Kodi Community Forum

Full Version: Incomplete movie titles and genres
You're currently viewing a stripped down version of our content. View the full version with proper formatting.
Hi! I'm using Universal Movie Scraper and recently I've encountered this problem:
Some movies have incomplete title or genre information.

Image

The title ends with </title> and genre ends with </genre> .

I've checked the log and find out that data from TMDb in English are correctly parsed while some information in Chinese are not.

Code:
15:40:03 T:4677595136   DEBUG: CurlFile::Open(0x112c2a950) http://api.tmdb.org/3/movie/tt0896872?api_key=***omitted***&language=zh
15:40:04 T:4677595136   DEBUG: Get: Using "UTF-8" charset for "http://api.tmdb.org/3/movie/tt0896872?api_key=***omitted***&language=zh"
15:40:04 T:4677595136   DEBUG: scraper: ParseTMDBTitle returned <details><title>告密?/title></details>

*** irrelevant log content omitted ***

15:40:06 T:4677595136   DEBUG: scraper: GetTMDBLangGenresByIdChain returned <details><url function="ParseTMDBGenres" cache="tmdb-zh-tt0896872.json">http://api.tmdb.org/3/movie/tt0896872?api_key=***omitted***&language=zh</url></details>
15:40:06 T:4677595136   DEBUG: scraper: ParseTMDBGenres returned <details><genre>犯罪</genre><genre>剧?/genre><genre>惊悚</genre></details>

I believe these question marks in scraper returned information caused the problem.

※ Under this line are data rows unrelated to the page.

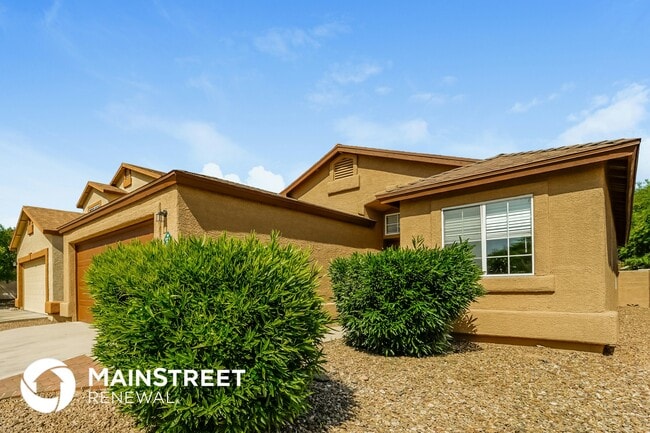property at 8040 N Halter Rd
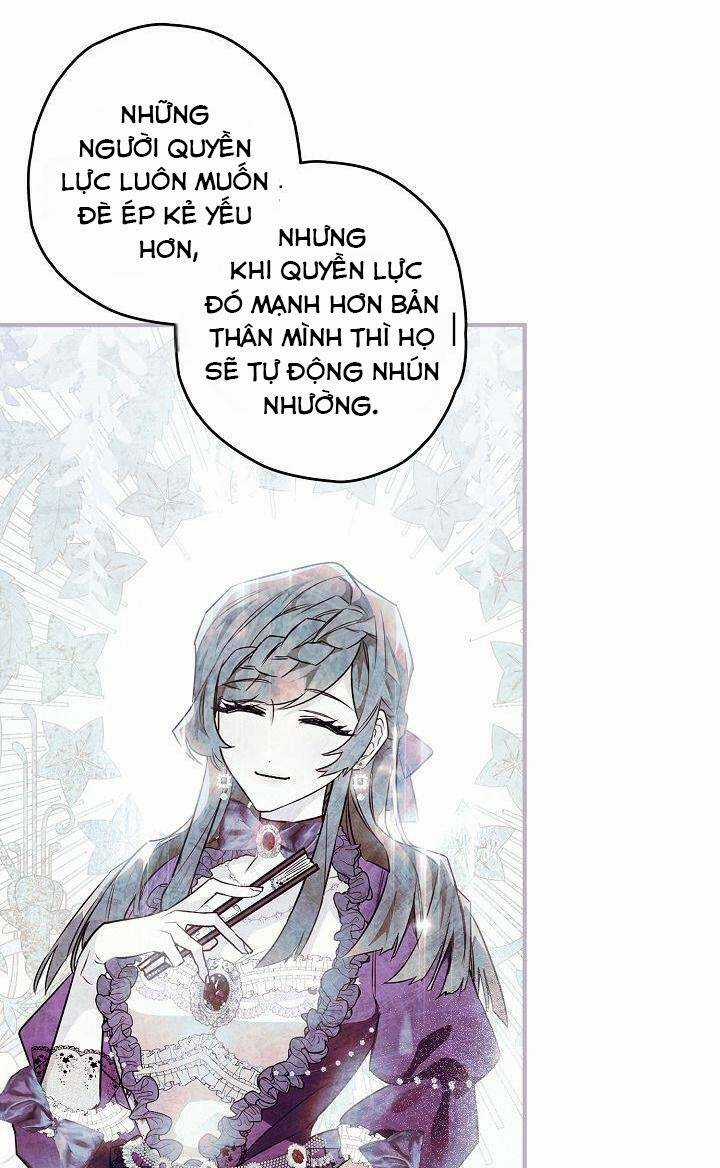 Lần Này Tôi Sẽ Yêu Thương Bản Thân Hơn Chapter 20 trang 37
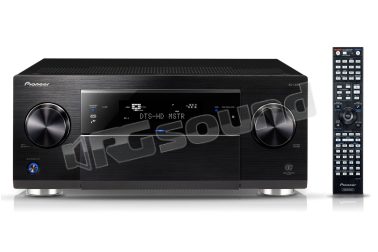 SC-LX86-K colore nero Pioneer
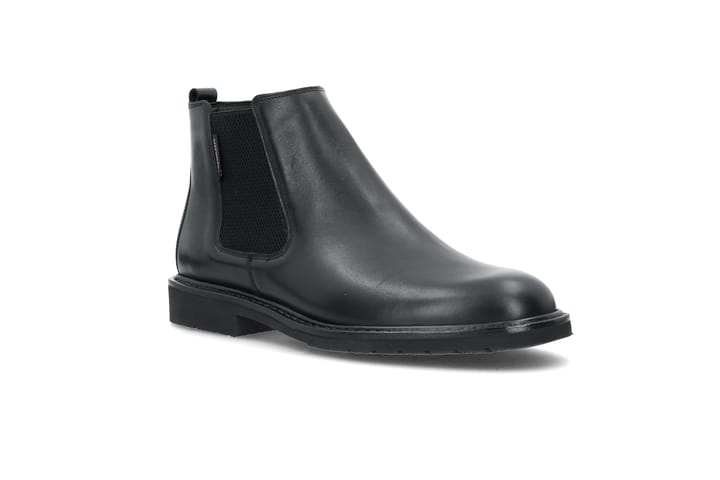 MEPHISTO 2115 Black MEPHISTO MEPHISTO 2115 Black MEPHISTO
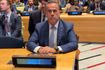 Παπασταύρου από Νέα Υόρκη: Στο επίκεντρο ενεργειακή ασφάλεια, υδρογονάνθρακες και COP31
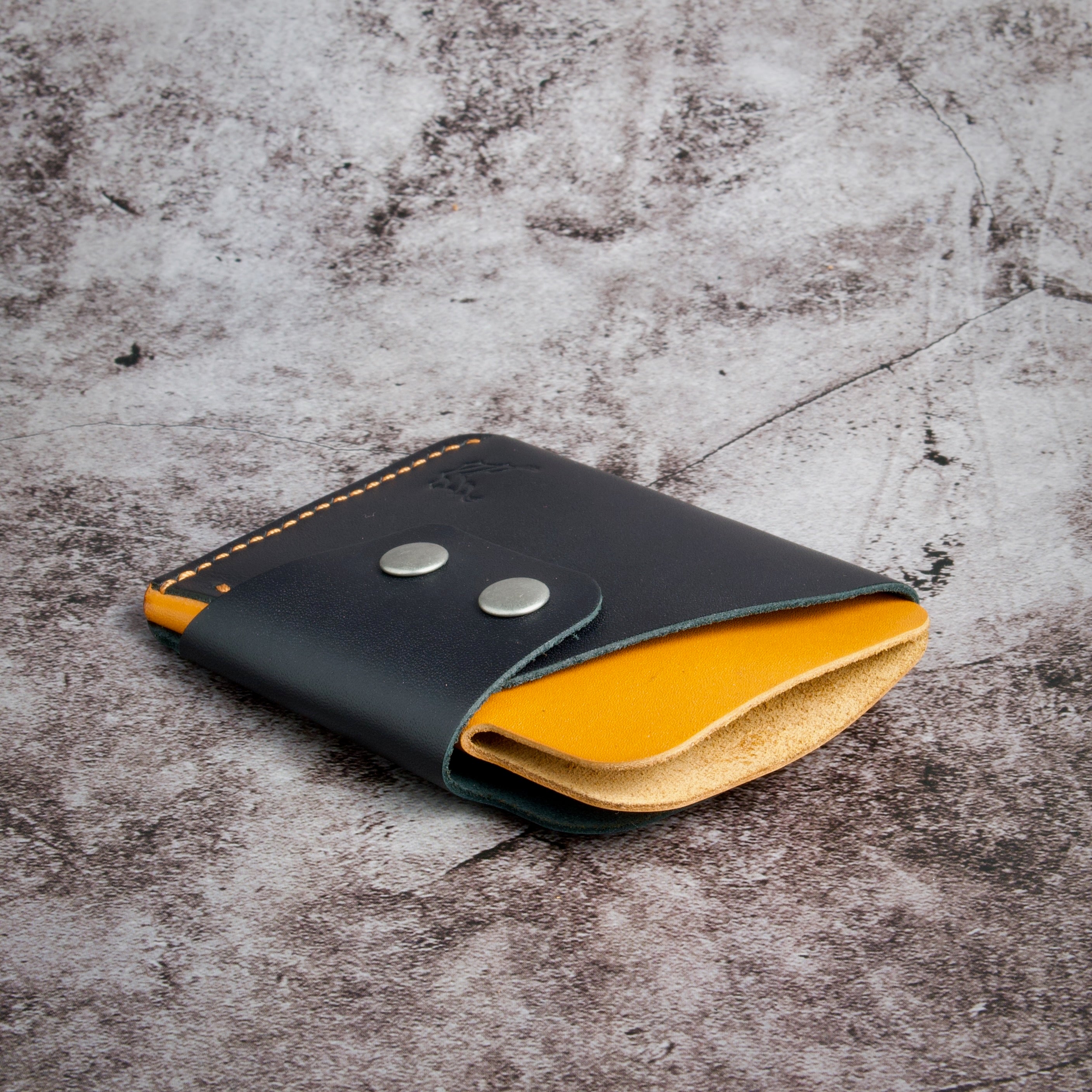 Niva Glide – Ultrakompakte Kartenetui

I manually downloaded the json file via the same URL
Code:
http://api.tmdb.org/3/movie/tt0896872?api_key=***omitted***&language=zh
The file is correctly encoded and can be successfully parsed by various JSON viewers.

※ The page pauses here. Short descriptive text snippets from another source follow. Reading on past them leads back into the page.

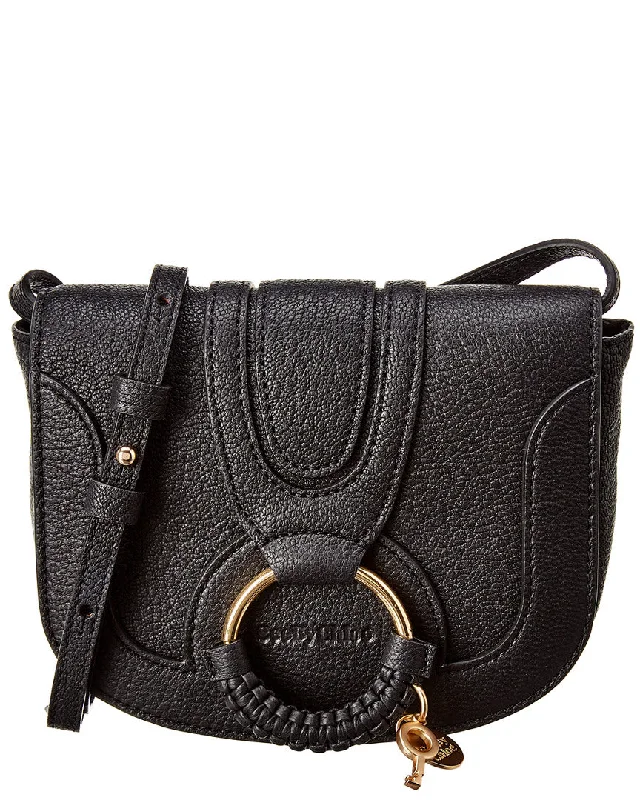 See by Chloe Hana Mini Leather Shoulder Bag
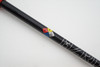 Project X Hzrdus Smoke Black Rdx 60G 6.0 44.5 Driver Shaft Taylormade 2514298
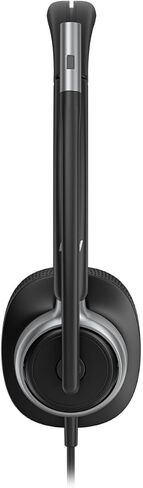 PLT Poly Mission 625 Stereo USB Wired Headset (C01C6AA) in Kuwait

So I assume there is a bug where Universal Movie Scraper handles Chinese characters.
Please look into this issue.
Have asked our charset/regexp guy to take a look.
Thanks.
BTW I'm running XBMC 13.1 on OS X 10.9.4.
whatUwant, could you provide a link to full debug log?
I installed 13.2 beta 3 yesterday. I erased the old media library and started scraping. Up to now everything seems normal.